Will this happen ? Not while the bankers and politicians have the power to prevent it. Only by revolution will we ever have a bottom-up currency system, and I don't see that happening. If Schiff's Day of Reckoning does arrive, the new system will very likely be much the same as the old one, condemning yet more generations to indentured servitude. Wash, Rinse, Repeat.

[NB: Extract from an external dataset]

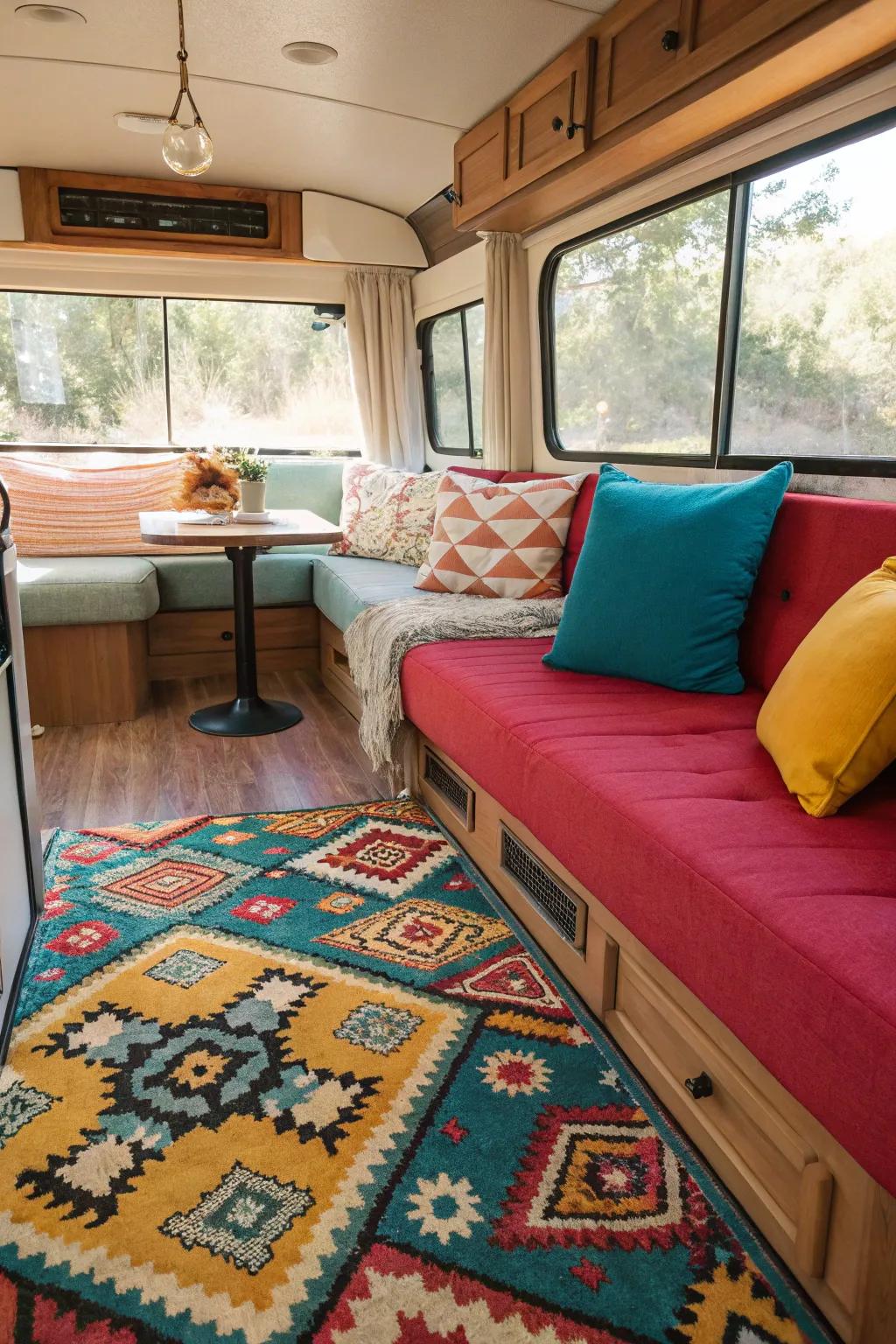 Bright colors and patterns can turn your RV into a lively space.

PS 4pm: In the Greek bailout, one of the major parts of "The Plan" is to ask creditors to voluntarily accept new, longer dated bonds as a way of easing the short term demands on the Greek Treasury. My question is.. if you are holding a credit default swap and were watching this, how comfortable would you be that your CDS was worth anything when it appears Greece deftly scooted around it's obligations without anybody benefitting from the insurance policy they took out against precisely this outcome ? Jamie Dimon will be fielding some interesting phone calls from those he's insuring come monday morn.